I am experimenting with fitting data to a multi-normal model. I used Jake Ying’s example code as a starting point.
Here’s the R code:
N <- 100
mu <- c(1, 2, -5) # means
Q <- matrix(c(1, 0.7, 0.2, # correlation matrix (Q)
0.7, 1, -0.5,
0.2, -0.5, 1),
nrow = 3, byrow = TRUE)
sigmas <- c(0.5, 1.2, 2.3) # sd1=0.5, sd2=1.2, sd3=2.3
Sigma <- diag(sigmas) %*% Q %*% diag(sigmas) # VCV matrix
set.seed(123)
samples <- MASS::mvrnorm(N, mu = mu, Sigma = Sigma) # data simulation
multinorm_dat <- list(N = N,
K = nrow(Q),
y = samples)
fit <- stan(file = "multinorm.stan", data = multinorm_dat)
and here’s multinorm.stan
:
data {
int<lower=0> N; // number of observations
int<lower=1> K; // dimension of observations
vector[K] y[N]; // observations: a list of N vectors (each has K elements)
}
parameters {
vector[K] mu;
cholesky_factor_corr[K] Lcorr; // cholesky factor (L_u matrix for R)
vector<lower=0>[K] sigma;
}
transformed parameters {
corr_matrix[K] Q; // correlation matrix
cov_matrix[K] Sigma; // VCV matrix
Q = multiply_lower_tri_self_transpose(Lcorr); // R = Lcorr * Lcorr'
Sigma = quad_form_diag(Q, sigma); // quad_form_diag: diag_matrix(sig) * R * diag_matrix(sig)
}
model {
sigma ~ cauchy(0, 5); // prior for sigma
Lcorr ~ lkj_corr_cholesky(2.0); // prior for cholesky factor of a correlation matrix
y ~ multi_normal(mu, Sigma);
}
When I run the model above on the test data, I get quick convergence and healthy chains.
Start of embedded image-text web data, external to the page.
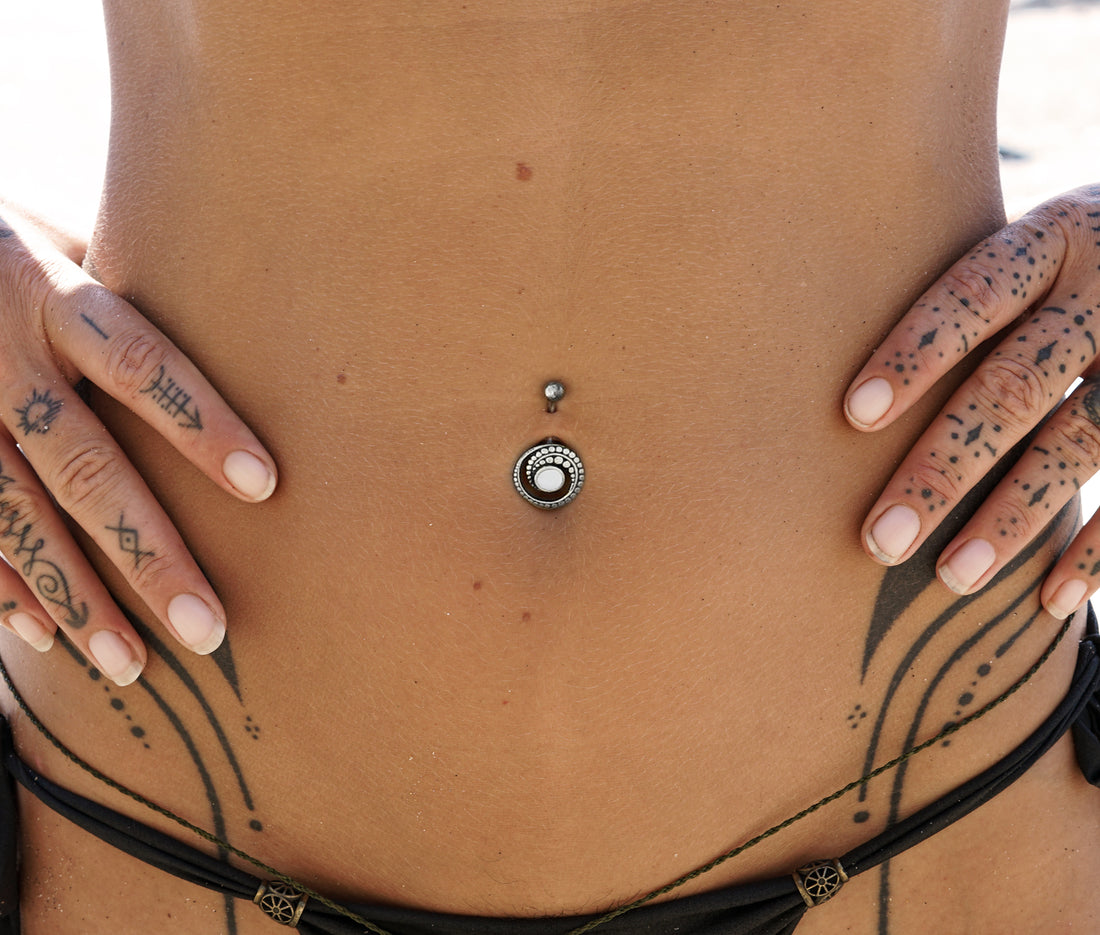 model wearing Spiral Crop Mother of Pearl Belly Bar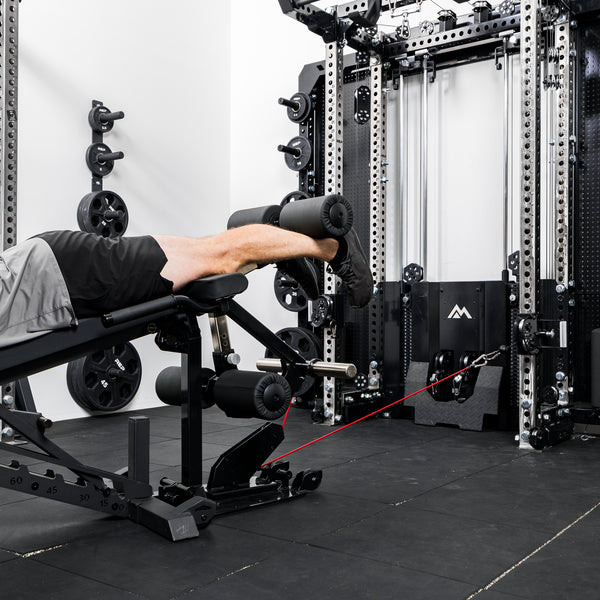 Athlete using the Leg Extension & Leg Curl Bench Attachment Cable Kit with an Ares 2.0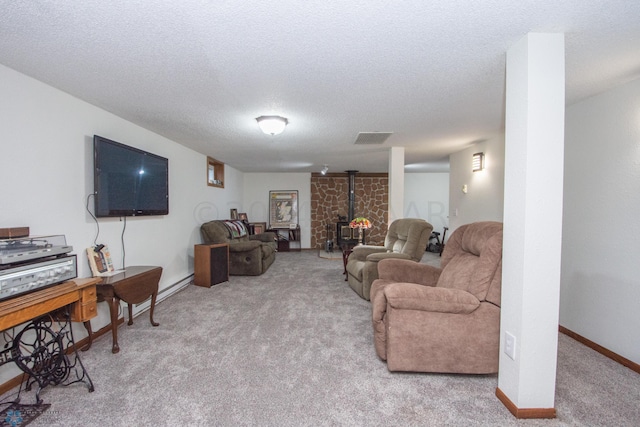carpeted living room featuring a wood stove, a textured ceiling, and baseboards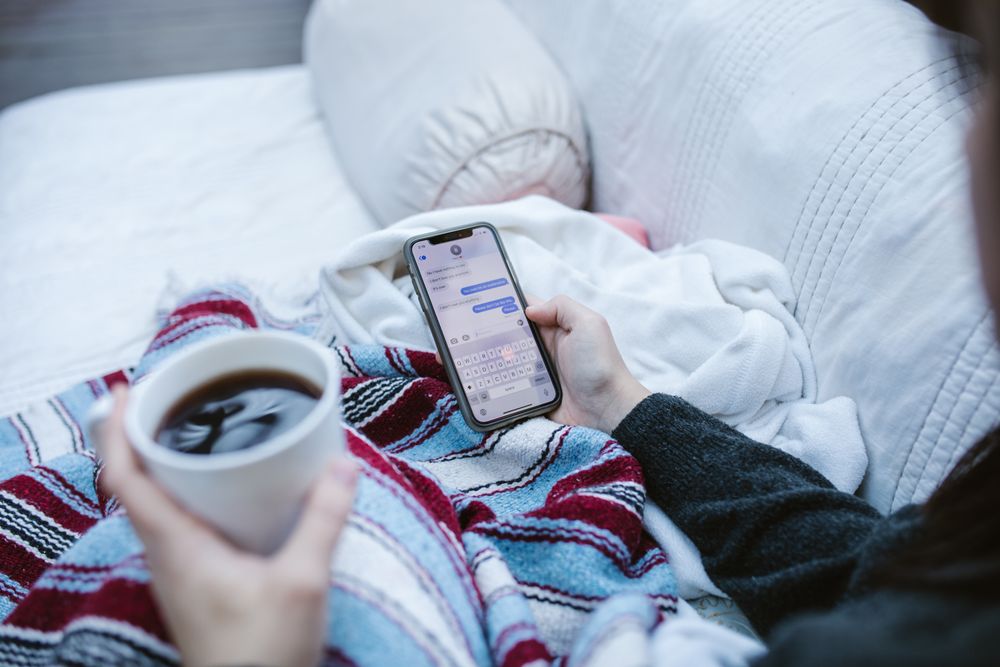 Person reading messages on a smartphone, checking what a loan app asks to access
However if I change the model block slightly as below, and iterate over each y
vector, instead of using the fully vectorized form over the array of y
vectors, then I get no convergence at all, and n_eff
values of 2, instead of 2,000+.
model {
sigma ~ cauchy(0, 5); // prior for sigma
Lcorr ~ lkj_corr_cholesky(2.0); // prior for cholesky factor of a correlation matrix
for (i in 1:N) {
y[N] ~ multi_normal(mu, Sigma);
}
}
I realize that the first, fully vectorized form of the model is preferable. However I would like to understand why looping, besides being slower, doesn’t converge.